From The Daily Wire:
According to the International Energy Agency (IEA) China is slated to be the world’s number one importer of natural gas, with its insatiable demand rising 60 percent to 376 billion cubic meters from 2017 to 2023. This presents them with a vulnerability … the likes of which so concerned Imperial Japan in the 1930s and which was the catalyst for their ruthless aggression into the oil fields of Indochina. China will soon surpass Japan as the leading importer of both piped and liquefied natural gas. Their LNG imports could more than double to 111 million tonnes by 2025 from last year, at an average annual growth of 10.9 per cent, according to a Morgan Stanley forecast. Reuters reported that China, Japan and South Korea will buy 48 per cent of the 505 bcm of LNG sold in 2023. “When all of Asia is taken into account, LNG sales there will rise to 75 per cent of all LNG sold globally from 72 per cent [in 2017].” 

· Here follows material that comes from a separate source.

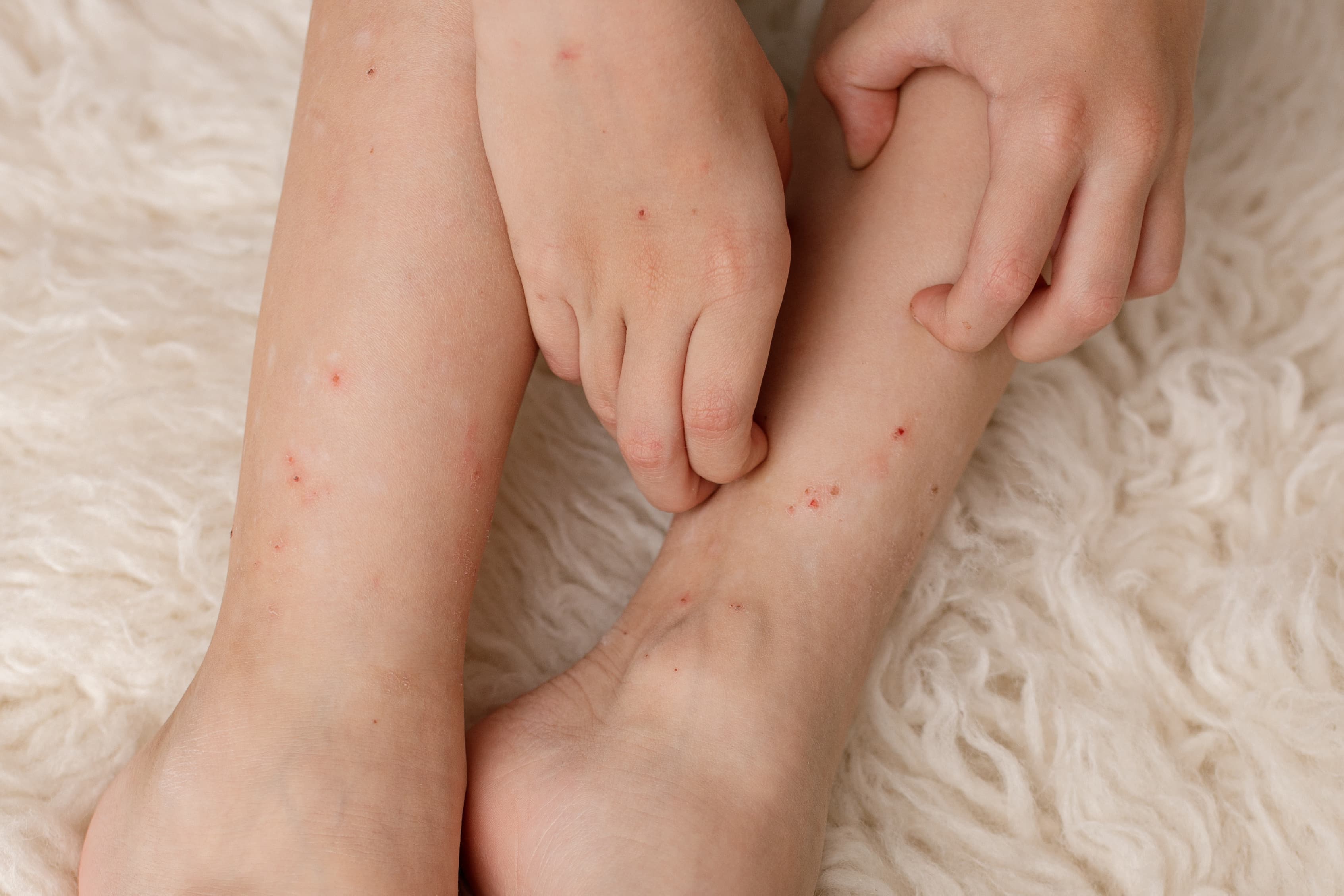 Insect bite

Conversely the United States is both energy independent due to the shale revolution over the past decade, and now the third largest exporter of LNG, soon to be the largest if trends continue. This has presented a strategic conundrum to the Chinese, who view the U.S. through an adversarial lens. It is not happenstance that among their retaliatory tariffs was a 25% punitive duty on LNG from the U.S. The impact has been biting. Prior to the slowdown, China was on track to import 141.6 billion cubic feet (bcf) of U.S. LNG in 2018, up from 103.4 bcf in 2017 and 17.2 bcf in 2016. (It imported no U.S. LNG in 2015.) In total, however, China bought just 93.9 bcf of U.S. LNG in 2018. The U.S. last year accounted for just 4 per cent of China’s LNG imports, compared to Australia’s 43.7 per cent and Qatar’s 17 per cent. (Read more.)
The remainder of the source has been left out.